EXERCISE DESCRIPTION: Copy out the data below from the line containing "Luxury Stay At" to the line containing "138 Angel Way photo 1", both lines included, with all images left out.
________________________________________
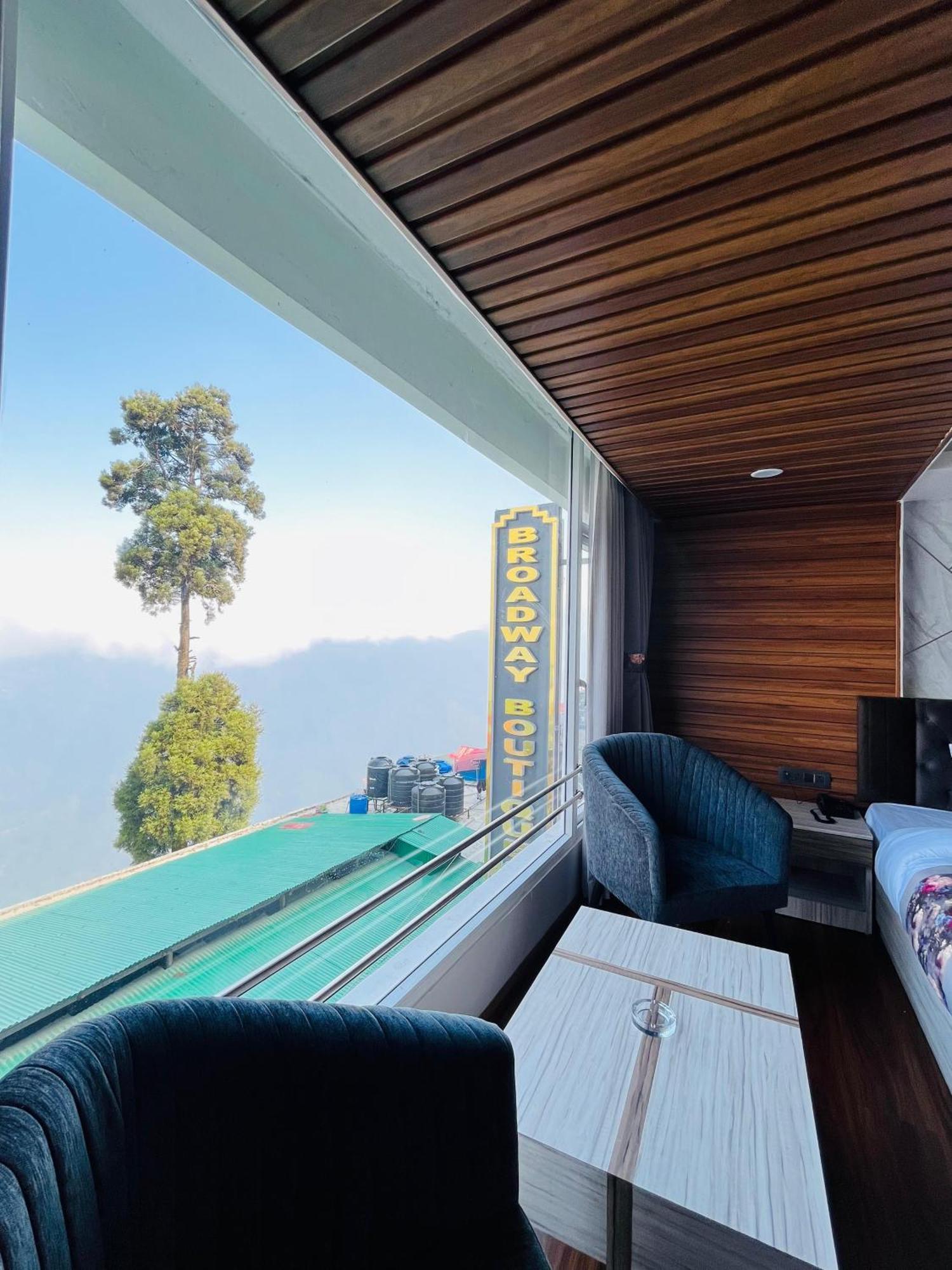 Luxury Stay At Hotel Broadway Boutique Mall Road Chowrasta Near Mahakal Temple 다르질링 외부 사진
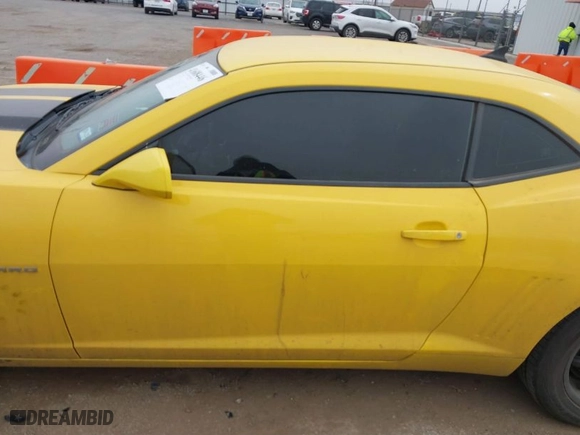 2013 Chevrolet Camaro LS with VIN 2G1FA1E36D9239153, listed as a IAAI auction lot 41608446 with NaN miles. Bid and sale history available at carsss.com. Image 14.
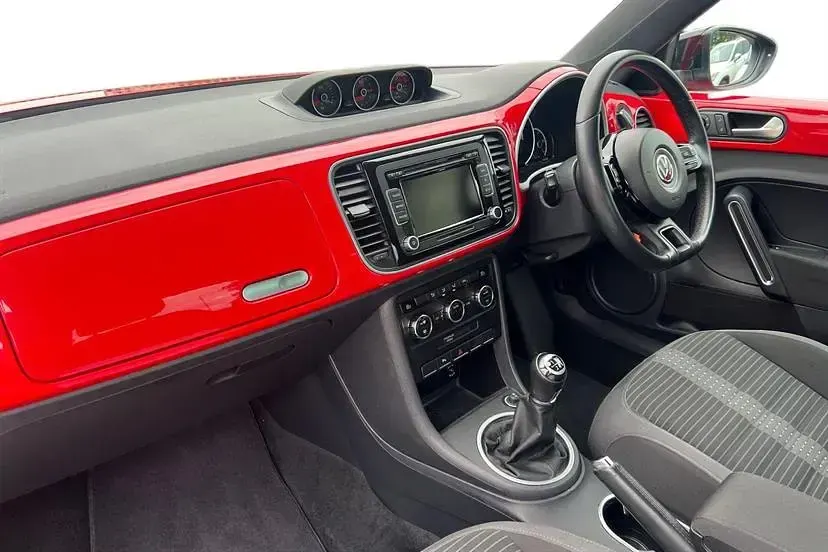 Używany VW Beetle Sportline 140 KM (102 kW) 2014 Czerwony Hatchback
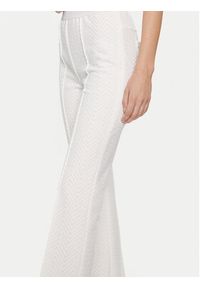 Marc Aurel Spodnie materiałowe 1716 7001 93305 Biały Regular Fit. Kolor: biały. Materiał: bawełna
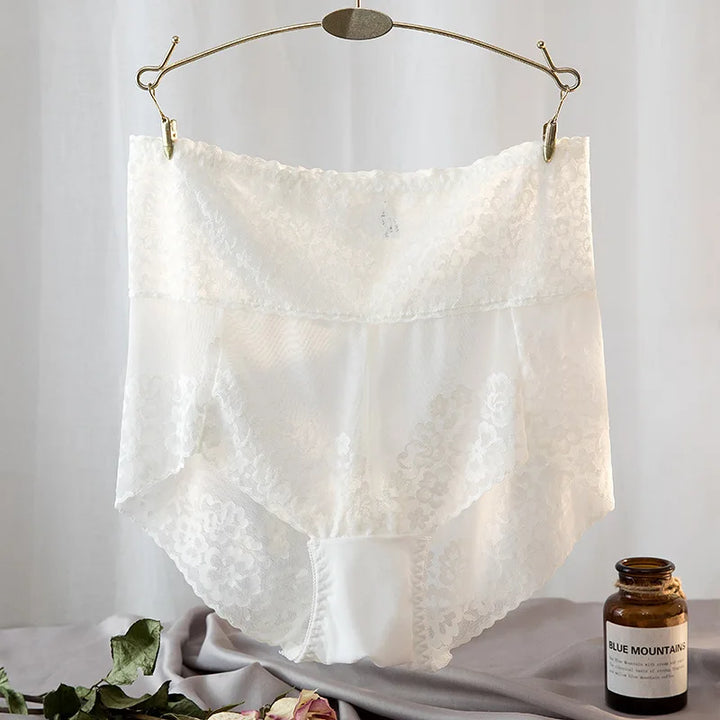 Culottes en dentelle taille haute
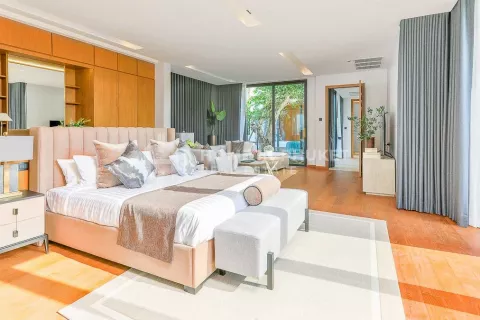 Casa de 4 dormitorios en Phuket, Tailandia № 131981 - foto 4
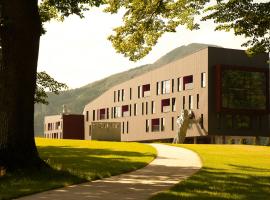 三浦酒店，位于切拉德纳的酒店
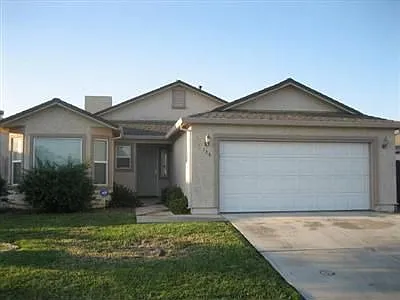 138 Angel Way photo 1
________________________________________
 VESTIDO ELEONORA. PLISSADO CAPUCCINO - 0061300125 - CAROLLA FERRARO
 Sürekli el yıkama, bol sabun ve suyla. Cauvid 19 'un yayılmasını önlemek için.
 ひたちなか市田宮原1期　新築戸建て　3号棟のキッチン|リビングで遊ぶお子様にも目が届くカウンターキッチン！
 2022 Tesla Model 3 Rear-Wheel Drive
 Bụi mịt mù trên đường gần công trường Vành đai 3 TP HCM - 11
________________________________________
ANSWER TO THIS EXERCISE:
 Luxury Stay At Hotel Broadway Boutique Mall Road Chowrasta Near Mahakal Temple 다르질링 외부 사진
 2013 Chevrolet Camaro LS with VIN 2G1FA1E36D9239153, listed as a IAAI auction lot 41608446 with NaN miles. Bid and sale history available at carsss.com. Image 14.
 Używany VW Beetle Sportline 140 KM (102 kW) 2014 Czerwony Hatchback
 Marc Aurel Spodnie materiałowe 1716 7001 93305 Biały Regular Fit. Kolor: biały. Materiał: bawełna
 Culottes en dentelle taille haute
 Casa de 4 dormitorios en Phuket, Tailandia № 131981 - foto 4
 三浦酒店，位于切拉德纳的酒店
 138 Angel Way photo 1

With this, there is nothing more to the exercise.